| PROBLEM REQUIREMENTS |
Each line from the one with "Jual mobil Mercedes-Benz" through the last line of the material is to be printed exactly; no other line and no picture belongs in the copy.

| DATASET EXCERPT |
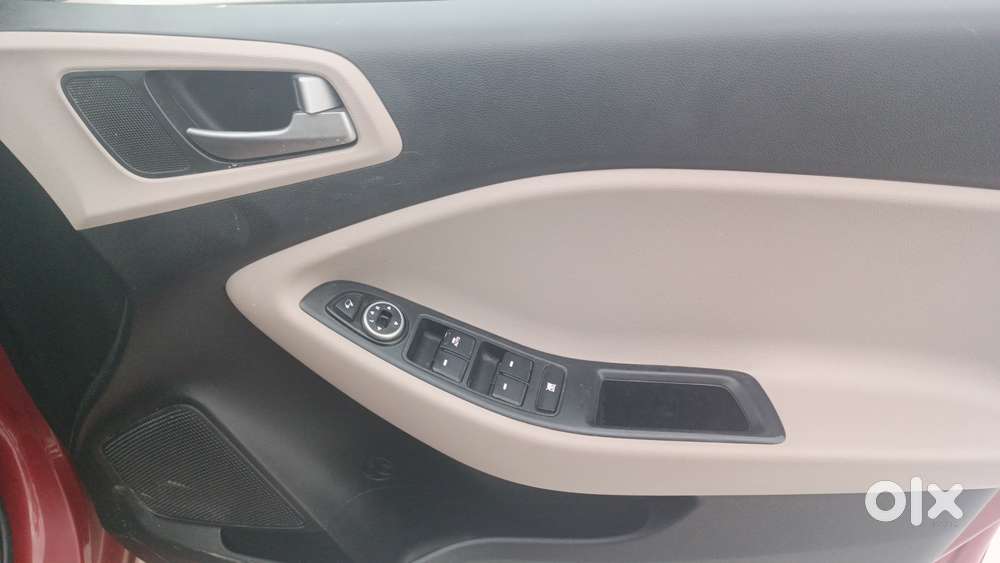 Hyundai Elite I20 Sportz (o) 1.2, 2014, Petrol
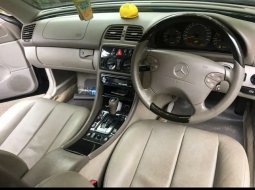 Jual mobil Mercedes-Benz CLK 200 2000 bekas, DKI Jakarta 3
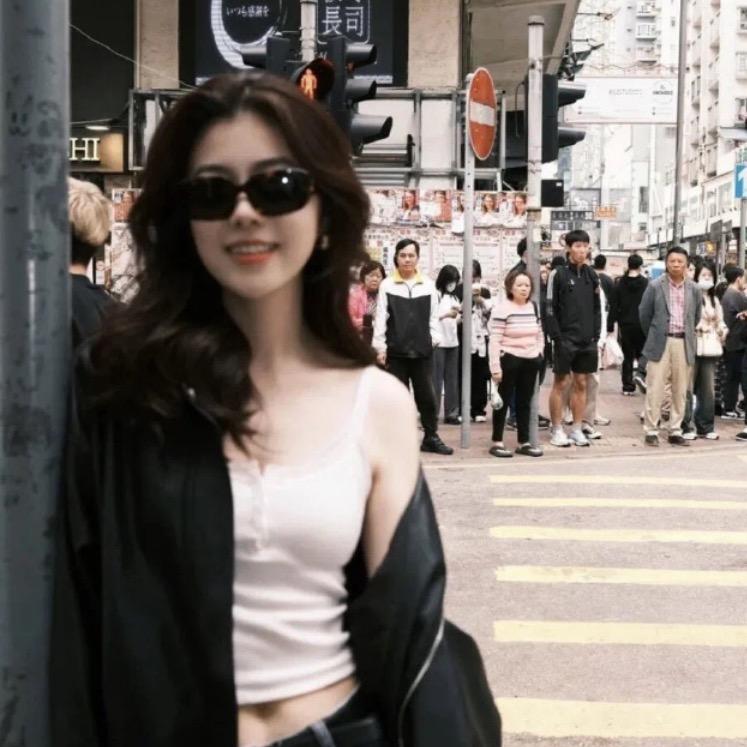 月月大牌清仓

| SOLUTION TO THIS TASK |
 Jual mobil Mercedes-Benz CLK 200 2000 bekas, DKI Jakarta 3
 月月大牌清仓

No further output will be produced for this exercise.